Search code examples
javaapache-sparkapache-spark-sqlcassandraspark-cassandra-connector

[spark-cassandra-connector]How to convert scala implicit supported code to java in spark 2.3.1


I am trying to refactor spark-cassandra used project from scala_2.11 to java_1.8. I am using spark-sql_2.11-2..3.1 and spark-cassandra-connector_2.11-2.3.1. Now i am trying to refactor code into java 1.8.

I have few implicits and DataFrame been used.

import com.datastax.spark.connector._
import spark.implicits._
    &
import org.apache.spark.sql.DataFrame

Now how to covert them into equivalent java code ? any sample ?

import of DataFrame is not recognized/defined , working fine with scala 2.11 now it is not working ...

What am I doing wrong here ? How to fix it ?


Solution

  • There is no such thing as DataFrame in Java - it's always DataSet of class Row. In Scala, there is simple alias for that...
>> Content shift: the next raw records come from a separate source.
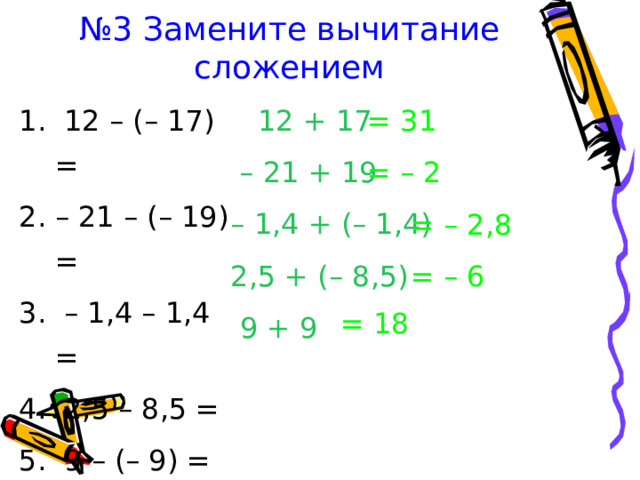 № 3 Замените вычитание сложением = 31 = – 2  12 – (– 17) = – 21 – (– 19) = – 1,4 – 1,4 =  2,5 – 8,5 =  9 – (– 9) =  12 + 17 – 21 + 19 – 1,4 + (– 1,4) 2,5 + (– 8,5)  9 + 9 = – 2,8 = – 6 = 18
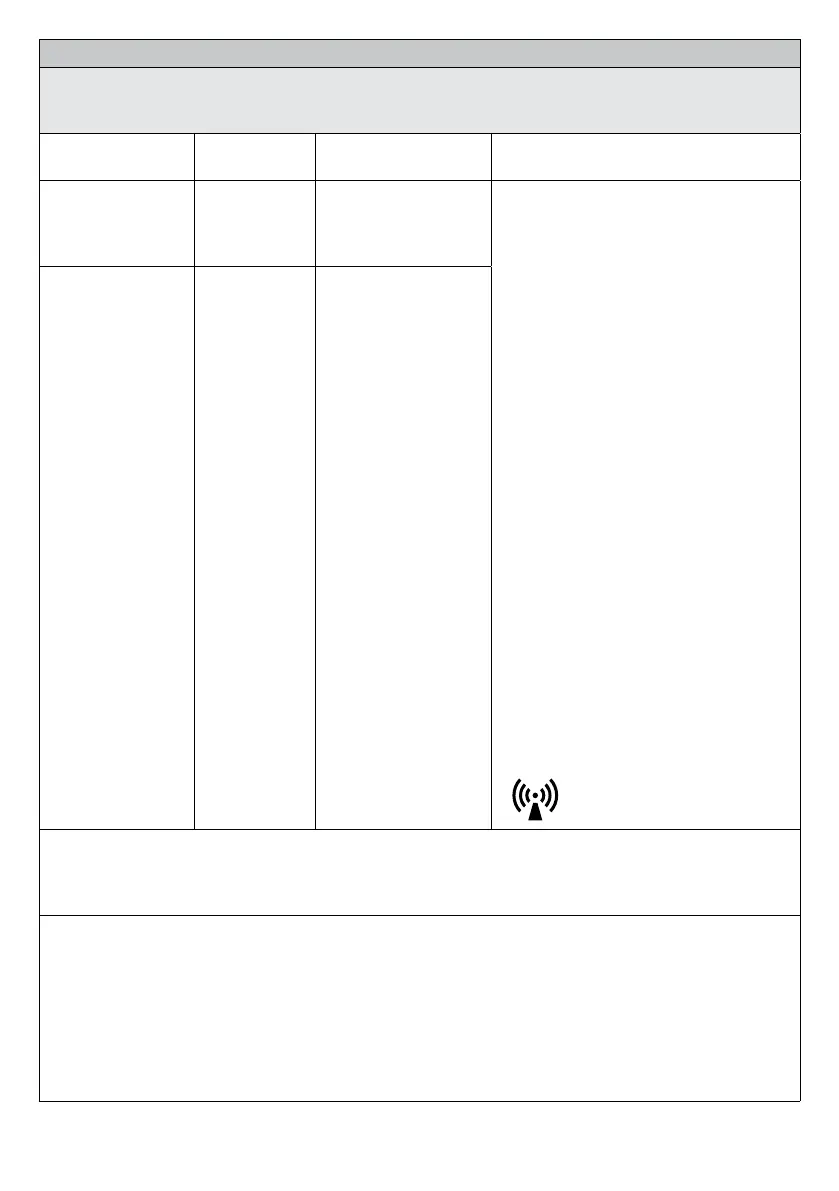 Page #137 background image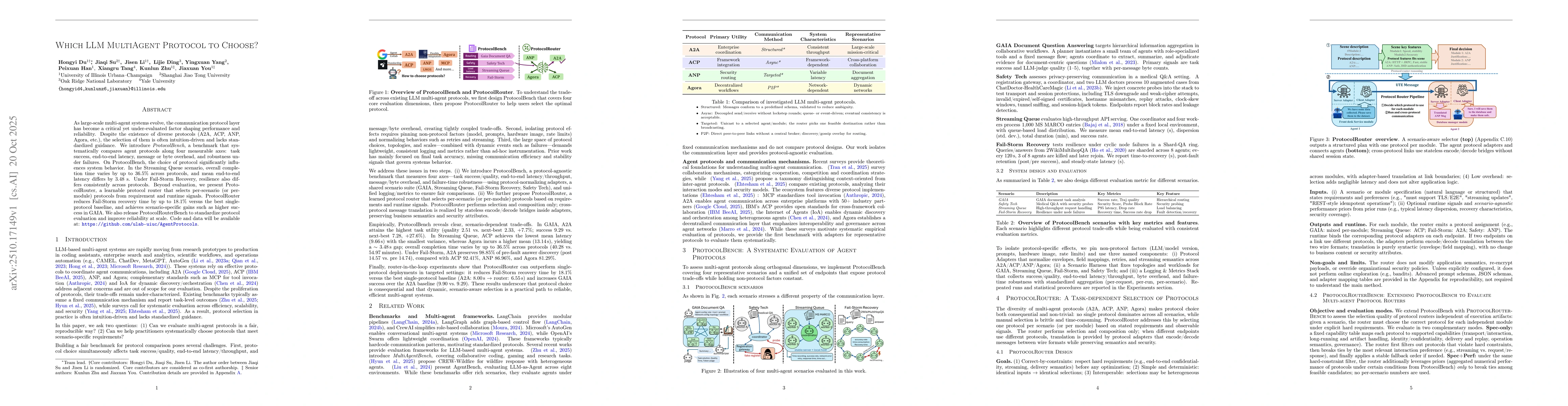 Thumbnail for Which LLM Multi-Agent Protocol to Choose?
    Here is the minimal example of Java code that reads data from Cassandra via spark.sql:

    import org.apache.spark.sql.Dataset;
    import org.apache.spark.sql.Row;
    import org.apache.spark.sql.SparkSession;
    
    public class SparkTest1 {
    
      public static void main(String[] args) {
        SparkSession spark = SparkSession
        .builder()
        .appName("CassandraSpark")
        .getOrCreate();
    
        Dataset<Row> sqlDF = spark.sql("select * from datastax.vehicle limit 1000");
        sqlDF.printSchema();
        sqlDF.show();
      }
    
    }
    

    or it could be done via spark.read (full code):

    Dataset<Row> dataset = spark.read()
            .format("org.apache.spark.sql.cassandra")
            .options(ImmutableMap.of("table", "jtest", "keyspace", "test"))
            .load();